- Morgan Stanley Vice Chairman Robert Kindler said breaking up the largest technology companies “doesn’t make any sense.”
- He said while there were existing laws around privacy and price fixing, forcing spinouts didn’t have obvious consumer benefits, and breaking up Amazon may actually hurt consumers.
- “What would we have done during this pandemic if we didn’t have companies like Amazon?,” he said.
The drumbeat to break up the biggest technology companies is getting louder, but Morgan Stanley Vice Chairman Robert Kindler isn’t playing that tune.
Kindler, who is also Morgan Stanley’s global head of mergers and acquisitions, told CNBC’s A View from the Top that breaking up the biggest technology companies “doesn’t make any sense.” In particular, he says, Amazon’s lower prices and same-day deliveries during the pandemic are clear consumer benefits that originated from the company’s size and scale.
“I think companies like Amazon have been absolutely terrific for the economy and for the consumer,” Kindler said. “What would we have done during this pandemic if we didn’t have companies like Amazon? I just can’t imagine that people don’t think that these are fantastic things that all of these huge companies have brought.”

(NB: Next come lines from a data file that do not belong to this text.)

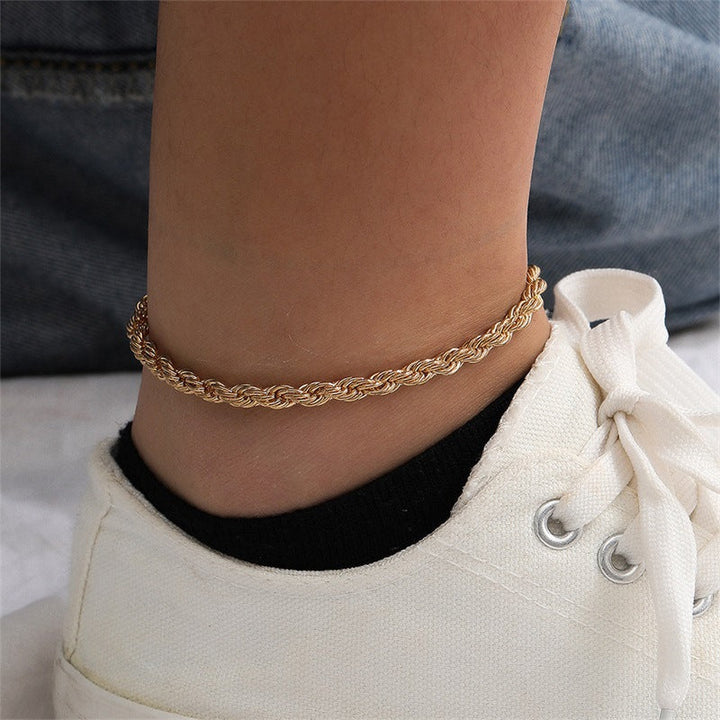 LEILA ROPE FUSSKETTCHEN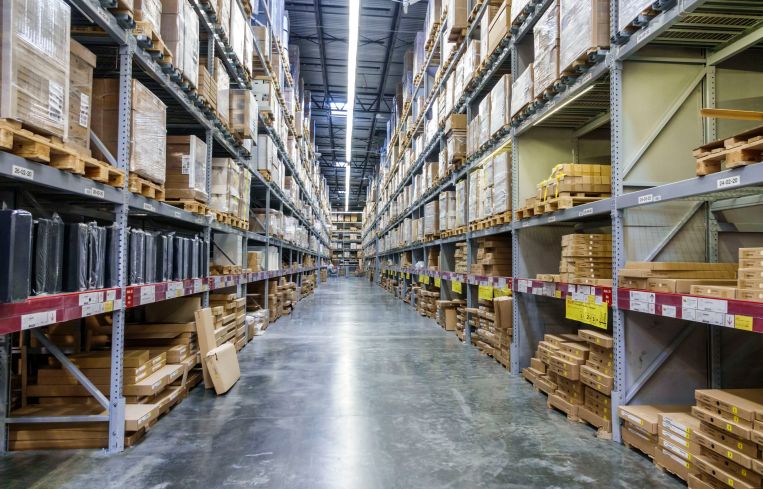 Furniture warehouse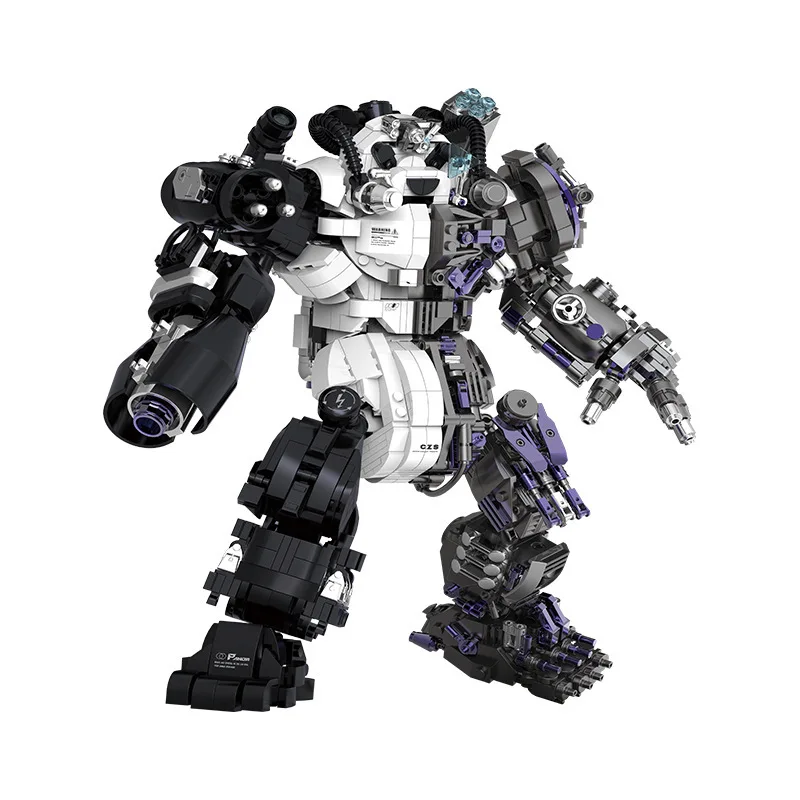 Chizao She Hardcore Industry Mecha Panda Robot Механический строительный блок Игрушка, Логотип Hardcore Industry/Eco-ABS, Старшие игроки
Chizao She Hardcore Industry Mecha Panda Robot Механический строительный блок Игрушка, Логотип Hardcore Industry/Eco-ABS, Старшие игроки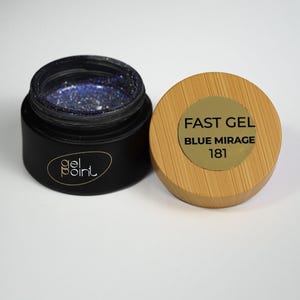Fast Gel 181 "Blue Mirage" 30 ml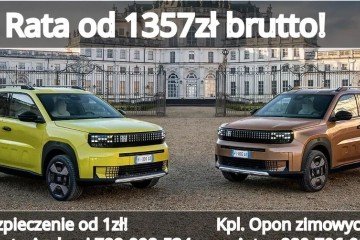 Grande Panda Hybrid La Prima 1.2 100KM!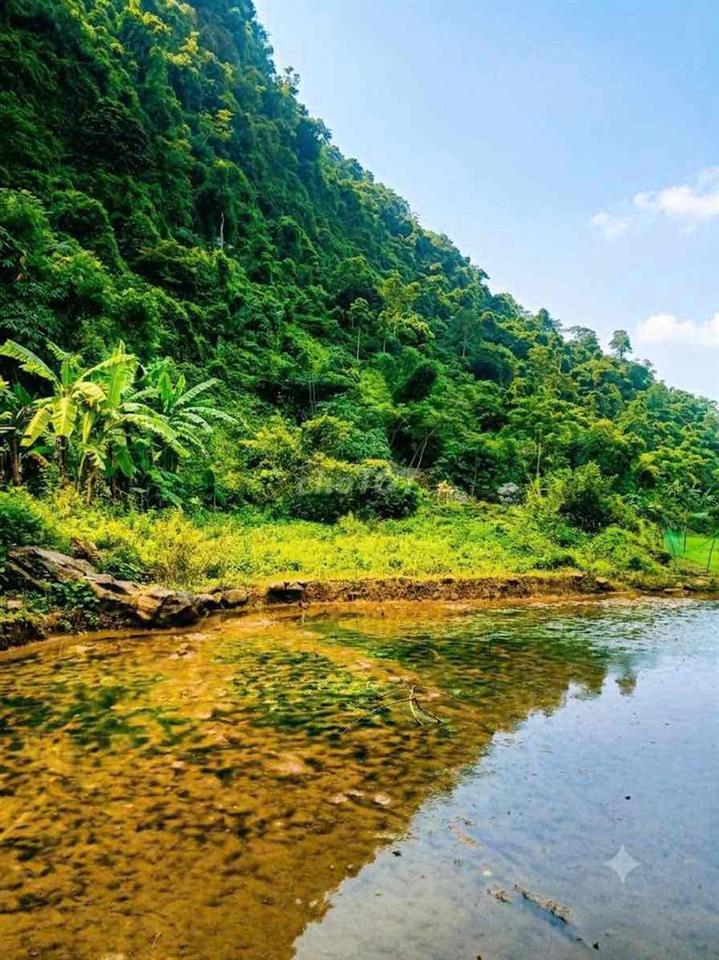 SIÊU PHẨM NGHỈ DƯỠNG "TỌA SƠN NGOẠ THỦY" mảnh  đất phong thủy vượng kh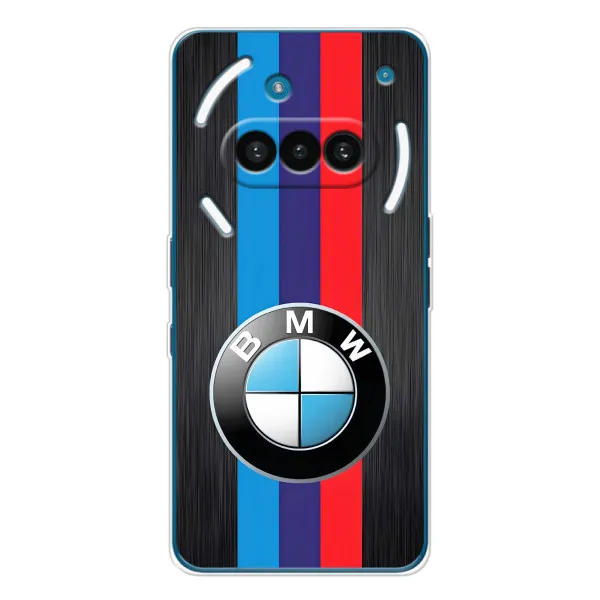 Чохол з принтом «Лого BMW» для Nothing Phone (3a) Чохол з принтом «Лого BMW» для Nothing Phone (3a)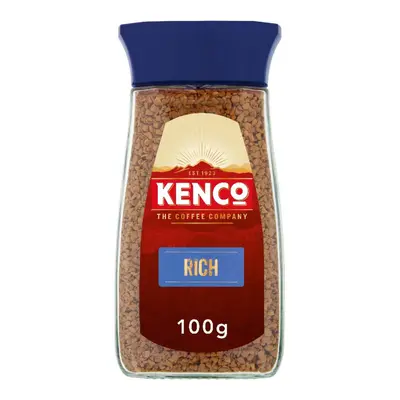 Kenco Rich Instant Coffee 100g (Pack of Jars, Total 600g)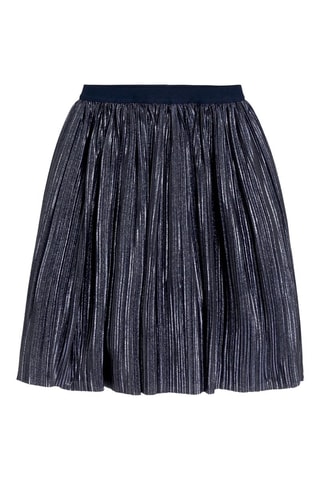 Gonna plissé - Navy - Okaïdi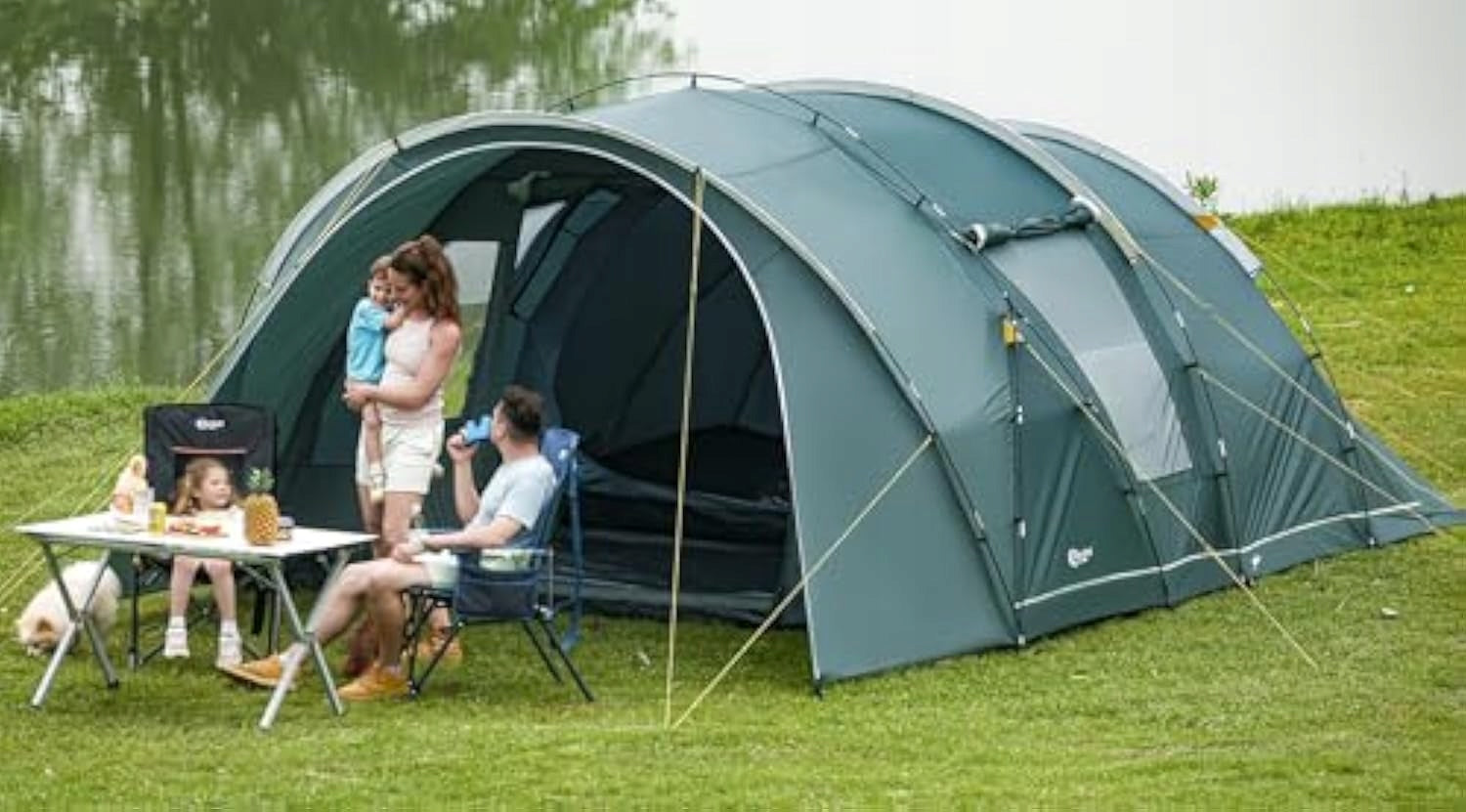 Tourist tent for 5-6 people Portal draining 3000 mm Manufacturer code 844093045926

Amazon CEO Jeff Bezos, Facebook CEO Mark Zuckerberg, Apple CEO Tim Cook, and Alphabet and Google CEO Sundar Pichai will all testify Wednesday before the U.S. House of Representatives’ antitrust subcommittee. The questions they’ll receive could be a window into the thinking of 15 members of Congress, who will then make recommendations on potential remedies such as new competition laws or company breakups. The House Judiciary antitrust subcommittee has been looking into Silicon Valley’s market share dominance in businesses including digital advertising and e-commerce for more than a year.
The subcommittee is expected to examine Facebook’s market share of social media, including its ownership of WhatsApp and Instagram, along with its co-dominance of digital media advertising with Alphabet’s Google. The subcommittee is also expected to probe Apple’s control over applications through its App Store policies and Amazon’s stifling of competition by leveraging third-party merchant data to champion its own products.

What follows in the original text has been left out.